Like Sean Killian from Vio-lence, Shaefer’s vocals are an acquired taste. His screeching fry screams might make some people think twice about this record. Dare we say it, but ‘Privilege’ could even pass for a Slipknot song with its exhaled voice effects and catchy vocal lines fed through an absurd blender of aggression. You half-expect Gibby Haynes to pop up on ‘As It Seems’ as if this is ‘Jesus Built My Hotrod’ by Ministry all over again. Here, an AC/DC intro gives way to a death metal storm, only to pull back from the carnage with a tremendous baritone chorus. Listen to the way the band follow this with blast beats and then settle on a brutal down-picking riff to navigate back to the verse. It’s no exaggeration to say that the chorus could grace any of the Alice in Chains classics.

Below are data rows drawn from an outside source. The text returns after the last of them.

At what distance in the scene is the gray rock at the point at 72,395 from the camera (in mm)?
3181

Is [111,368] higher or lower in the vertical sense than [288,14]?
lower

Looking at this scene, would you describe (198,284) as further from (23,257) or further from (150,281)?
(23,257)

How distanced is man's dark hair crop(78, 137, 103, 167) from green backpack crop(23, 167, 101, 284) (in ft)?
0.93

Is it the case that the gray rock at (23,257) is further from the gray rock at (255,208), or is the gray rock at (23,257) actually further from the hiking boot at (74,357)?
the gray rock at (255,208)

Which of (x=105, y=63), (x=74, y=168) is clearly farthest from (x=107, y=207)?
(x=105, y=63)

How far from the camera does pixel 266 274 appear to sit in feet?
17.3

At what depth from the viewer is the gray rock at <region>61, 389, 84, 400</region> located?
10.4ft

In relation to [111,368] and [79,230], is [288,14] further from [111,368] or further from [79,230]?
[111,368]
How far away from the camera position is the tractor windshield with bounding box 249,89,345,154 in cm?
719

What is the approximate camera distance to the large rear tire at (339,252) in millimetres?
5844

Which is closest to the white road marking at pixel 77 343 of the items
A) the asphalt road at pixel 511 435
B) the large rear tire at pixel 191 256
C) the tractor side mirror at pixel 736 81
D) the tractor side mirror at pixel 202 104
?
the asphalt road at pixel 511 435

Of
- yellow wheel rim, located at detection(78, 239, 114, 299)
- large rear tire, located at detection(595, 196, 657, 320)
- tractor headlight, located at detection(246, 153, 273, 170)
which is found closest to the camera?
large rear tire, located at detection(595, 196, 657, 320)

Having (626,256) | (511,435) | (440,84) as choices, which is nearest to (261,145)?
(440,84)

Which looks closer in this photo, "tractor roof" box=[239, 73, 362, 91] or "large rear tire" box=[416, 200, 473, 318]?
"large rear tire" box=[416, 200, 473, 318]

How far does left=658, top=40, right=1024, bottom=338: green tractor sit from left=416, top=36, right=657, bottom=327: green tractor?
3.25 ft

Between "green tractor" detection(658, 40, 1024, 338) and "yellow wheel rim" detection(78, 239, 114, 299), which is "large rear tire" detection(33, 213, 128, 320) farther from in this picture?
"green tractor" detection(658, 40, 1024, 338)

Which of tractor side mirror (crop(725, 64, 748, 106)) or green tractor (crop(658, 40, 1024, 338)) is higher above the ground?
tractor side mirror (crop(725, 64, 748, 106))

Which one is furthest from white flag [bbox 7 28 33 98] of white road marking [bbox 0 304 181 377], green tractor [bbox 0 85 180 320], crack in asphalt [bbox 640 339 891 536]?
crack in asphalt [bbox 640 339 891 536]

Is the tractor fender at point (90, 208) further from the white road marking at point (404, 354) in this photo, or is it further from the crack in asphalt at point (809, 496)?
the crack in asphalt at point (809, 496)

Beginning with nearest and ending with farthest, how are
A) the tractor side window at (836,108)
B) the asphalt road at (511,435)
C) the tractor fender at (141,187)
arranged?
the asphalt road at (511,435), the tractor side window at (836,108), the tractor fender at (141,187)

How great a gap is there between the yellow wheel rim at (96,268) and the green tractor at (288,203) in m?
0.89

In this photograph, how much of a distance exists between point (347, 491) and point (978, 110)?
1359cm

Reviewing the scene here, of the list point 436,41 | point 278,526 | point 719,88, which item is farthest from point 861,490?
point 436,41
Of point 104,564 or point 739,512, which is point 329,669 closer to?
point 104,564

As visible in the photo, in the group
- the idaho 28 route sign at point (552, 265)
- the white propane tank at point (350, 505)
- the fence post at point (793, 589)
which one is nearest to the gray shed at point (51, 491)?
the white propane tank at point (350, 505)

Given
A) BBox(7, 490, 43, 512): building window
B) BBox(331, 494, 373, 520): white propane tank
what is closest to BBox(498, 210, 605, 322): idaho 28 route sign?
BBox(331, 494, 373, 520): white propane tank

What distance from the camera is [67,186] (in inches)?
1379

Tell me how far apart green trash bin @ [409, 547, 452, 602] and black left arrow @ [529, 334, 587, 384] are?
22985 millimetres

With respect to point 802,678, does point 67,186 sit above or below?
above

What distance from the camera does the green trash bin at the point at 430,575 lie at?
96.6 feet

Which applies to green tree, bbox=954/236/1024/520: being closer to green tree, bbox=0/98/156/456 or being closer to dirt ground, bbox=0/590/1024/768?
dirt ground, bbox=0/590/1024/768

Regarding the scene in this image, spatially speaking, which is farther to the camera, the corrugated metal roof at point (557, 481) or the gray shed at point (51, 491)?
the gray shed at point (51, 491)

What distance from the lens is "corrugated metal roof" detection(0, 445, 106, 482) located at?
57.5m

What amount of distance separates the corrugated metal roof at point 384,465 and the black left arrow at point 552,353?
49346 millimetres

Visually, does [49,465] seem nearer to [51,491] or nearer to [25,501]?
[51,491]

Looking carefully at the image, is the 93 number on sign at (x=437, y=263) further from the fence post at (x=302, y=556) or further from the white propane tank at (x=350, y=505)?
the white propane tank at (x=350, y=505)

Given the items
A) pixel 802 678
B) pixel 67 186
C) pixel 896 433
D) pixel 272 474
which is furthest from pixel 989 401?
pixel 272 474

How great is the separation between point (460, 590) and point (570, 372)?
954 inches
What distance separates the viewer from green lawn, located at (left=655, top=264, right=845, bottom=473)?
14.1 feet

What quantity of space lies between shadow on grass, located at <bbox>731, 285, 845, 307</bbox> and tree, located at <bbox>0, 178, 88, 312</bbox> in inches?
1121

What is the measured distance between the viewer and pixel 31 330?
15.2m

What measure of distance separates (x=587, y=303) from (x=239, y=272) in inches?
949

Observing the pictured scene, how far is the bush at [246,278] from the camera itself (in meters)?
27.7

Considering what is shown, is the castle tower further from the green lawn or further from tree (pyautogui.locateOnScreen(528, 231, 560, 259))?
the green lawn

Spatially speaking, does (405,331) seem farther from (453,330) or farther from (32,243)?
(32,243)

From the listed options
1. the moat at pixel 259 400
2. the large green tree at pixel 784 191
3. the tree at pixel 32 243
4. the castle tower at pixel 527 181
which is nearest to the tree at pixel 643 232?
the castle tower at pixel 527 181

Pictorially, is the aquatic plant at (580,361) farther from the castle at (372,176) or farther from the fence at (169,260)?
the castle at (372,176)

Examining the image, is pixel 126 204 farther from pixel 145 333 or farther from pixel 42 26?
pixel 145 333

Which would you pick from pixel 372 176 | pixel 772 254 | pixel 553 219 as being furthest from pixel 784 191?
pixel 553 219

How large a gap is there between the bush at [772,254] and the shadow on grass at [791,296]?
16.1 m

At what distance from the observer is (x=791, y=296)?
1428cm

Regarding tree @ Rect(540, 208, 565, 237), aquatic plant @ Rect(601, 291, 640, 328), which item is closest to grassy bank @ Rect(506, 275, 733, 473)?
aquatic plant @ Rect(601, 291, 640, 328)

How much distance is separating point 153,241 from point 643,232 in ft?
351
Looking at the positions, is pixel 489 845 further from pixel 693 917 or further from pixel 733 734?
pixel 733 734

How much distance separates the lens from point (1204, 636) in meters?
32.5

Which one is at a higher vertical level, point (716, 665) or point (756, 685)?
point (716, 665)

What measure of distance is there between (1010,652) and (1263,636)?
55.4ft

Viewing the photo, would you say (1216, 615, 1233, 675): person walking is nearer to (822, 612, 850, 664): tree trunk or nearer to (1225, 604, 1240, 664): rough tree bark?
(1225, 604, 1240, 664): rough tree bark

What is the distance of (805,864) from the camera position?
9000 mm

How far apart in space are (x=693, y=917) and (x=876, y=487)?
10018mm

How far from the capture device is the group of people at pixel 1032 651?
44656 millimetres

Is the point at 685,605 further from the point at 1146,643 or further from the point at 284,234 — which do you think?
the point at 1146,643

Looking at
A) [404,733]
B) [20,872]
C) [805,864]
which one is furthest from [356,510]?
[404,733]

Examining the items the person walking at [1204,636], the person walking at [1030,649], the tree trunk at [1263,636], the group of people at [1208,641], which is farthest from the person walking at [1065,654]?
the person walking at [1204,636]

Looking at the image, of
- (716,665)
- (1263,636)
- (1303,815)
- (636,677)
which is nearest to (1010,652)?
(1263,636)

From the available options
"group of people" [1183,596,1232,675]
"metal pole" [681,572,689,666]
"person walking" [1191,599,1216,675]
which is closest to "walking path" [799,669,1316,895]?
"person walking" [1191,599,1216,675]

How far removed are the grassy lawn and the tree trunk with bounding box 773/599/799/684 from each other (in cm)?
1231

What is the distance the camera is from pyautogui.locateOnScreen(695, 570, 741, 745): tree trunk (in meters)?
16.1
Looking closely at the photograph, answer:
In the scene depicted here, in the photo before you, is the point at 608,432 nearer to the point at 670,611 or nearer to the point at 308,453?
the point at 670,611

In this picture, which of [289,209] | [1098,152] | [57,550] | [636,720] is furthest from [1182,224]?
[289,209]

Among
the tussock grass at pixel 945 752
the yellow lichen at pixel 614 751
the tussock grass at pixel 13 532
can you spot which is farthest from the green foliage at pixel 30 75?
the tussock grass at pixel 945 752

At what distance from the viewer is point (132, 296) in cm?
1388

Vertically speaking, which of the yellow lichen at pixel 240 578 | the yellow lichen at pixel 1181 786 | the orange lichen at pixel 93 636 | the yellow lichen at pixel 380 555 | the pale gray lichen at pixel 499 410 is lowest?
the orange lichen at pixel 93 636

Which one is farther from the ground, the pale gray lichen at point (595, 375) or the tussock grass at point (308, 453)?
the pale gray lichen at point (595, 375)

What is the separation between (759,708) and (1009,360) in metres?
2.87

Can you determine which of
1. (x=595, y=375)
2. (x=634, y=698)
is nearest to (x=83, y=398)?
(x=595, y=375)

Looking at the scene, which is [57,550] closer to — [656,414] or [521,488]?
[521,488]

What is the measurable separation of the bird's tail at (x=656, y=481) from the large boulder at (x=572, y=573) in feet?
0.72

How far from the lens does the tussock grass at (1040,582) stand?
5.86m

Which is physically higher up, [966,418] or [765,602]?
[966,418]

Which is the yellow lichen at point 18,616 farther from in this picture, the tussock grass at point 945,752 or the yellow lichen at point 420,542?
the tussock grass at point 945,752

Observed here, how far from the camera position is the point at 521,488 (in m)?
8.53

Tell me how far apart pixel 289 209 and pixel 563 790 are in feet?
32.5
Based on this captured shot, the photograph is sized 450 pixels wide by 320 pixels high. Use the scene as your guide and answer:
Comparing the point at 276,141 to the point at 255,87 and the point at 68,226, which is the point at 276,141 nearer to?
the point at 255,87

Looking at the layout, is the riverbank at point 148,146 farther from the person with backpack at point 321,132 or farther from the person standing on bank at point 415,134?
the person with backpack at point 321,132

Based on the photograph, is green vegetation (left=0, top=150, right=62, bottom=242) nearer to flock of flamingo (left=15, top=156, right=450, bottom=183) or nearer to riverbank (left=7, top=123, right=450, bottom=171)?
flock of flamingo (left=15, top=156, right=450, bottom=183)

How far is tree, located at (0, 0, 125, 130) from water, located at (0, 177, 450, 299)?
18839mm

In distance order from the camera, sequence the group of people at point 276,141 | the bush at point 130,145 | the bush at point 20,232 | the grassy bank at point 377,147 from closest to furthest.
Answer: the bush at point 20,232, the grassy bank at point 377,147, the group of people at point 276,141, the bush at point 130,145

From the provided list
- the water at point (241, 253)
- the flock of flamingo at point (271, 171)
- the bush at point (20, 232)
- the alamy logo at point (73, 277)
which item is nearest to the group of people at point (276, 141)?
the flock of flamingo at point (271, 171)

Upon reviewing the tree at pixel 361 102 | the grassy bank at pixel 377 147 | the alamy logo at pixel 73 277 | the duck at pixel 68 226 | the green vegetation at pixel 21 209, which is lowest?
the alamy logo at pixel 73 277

It’s a pleasure to identify the disparate influences working their way into the songs. ‘Invitation’ is like Skinny Puppy under the hammer of vintage Machine Head. ‘Watch You Grow Old’ uses headbanging pentatonic riffs and Pantera drum grooves and feels like a hard rock anthem from Kill Devil Hill. Shaefer hisses and curses in his Kind Diamond voice during the heavier moments, but the guitars never feel diluted in the mix, nor do they lack shape or substance. ‘Forest of Because’ and ‘Who Awaits’ rock with menace (and pizzazz). Indeed, the latter is the closest thing we come to a perfect symmetry of death metal and grunge. Only the tracks that try to re-capture the psychopathic rage of Ministry’s 1992 golden era leave you scratching your skull. There’s a song somewhere in the mix for ‘The God, the Bad, the Other’, but you’ll need to be patient. No such problem exists on ‘Insist and Demand’, which takes great pride in its gruesome intro and single-note doom riffs. Somehow, it sounds chaotic despite subsisting on simple rhythmic formations.
Death metal puritans will be thrilled to learn that Scott Burns produced this LP. That’s right – the most famous and influential death metal producer of all time is back. Why he chose this record to inch his way back into a music industry that underpaid him in the 1990s is a mystery, but it’s good to have him return. Till the Dirt might be a new project that depends on the whims of its famous creator, but Outside the Spiral shows that there’s plenty of mileage in the fusion of death metal and grunge. It’ll be interesting to hear what happens on album number two with or without Scott Burns onboard.
JVB
Verdict


Release Date: 25/08/2023
Record Label: Nuclear Blast
Standout tracks: Starring Role, As It Seems, Forest of Because
Suggested Further Listening: Ministry – Psalm 69: The Way to Succeed and the Way to Suck Eggs (1992), Kill Devil Hill – Revolution Rise (2013), Overtoun – This Darkness Feels Alive (2021)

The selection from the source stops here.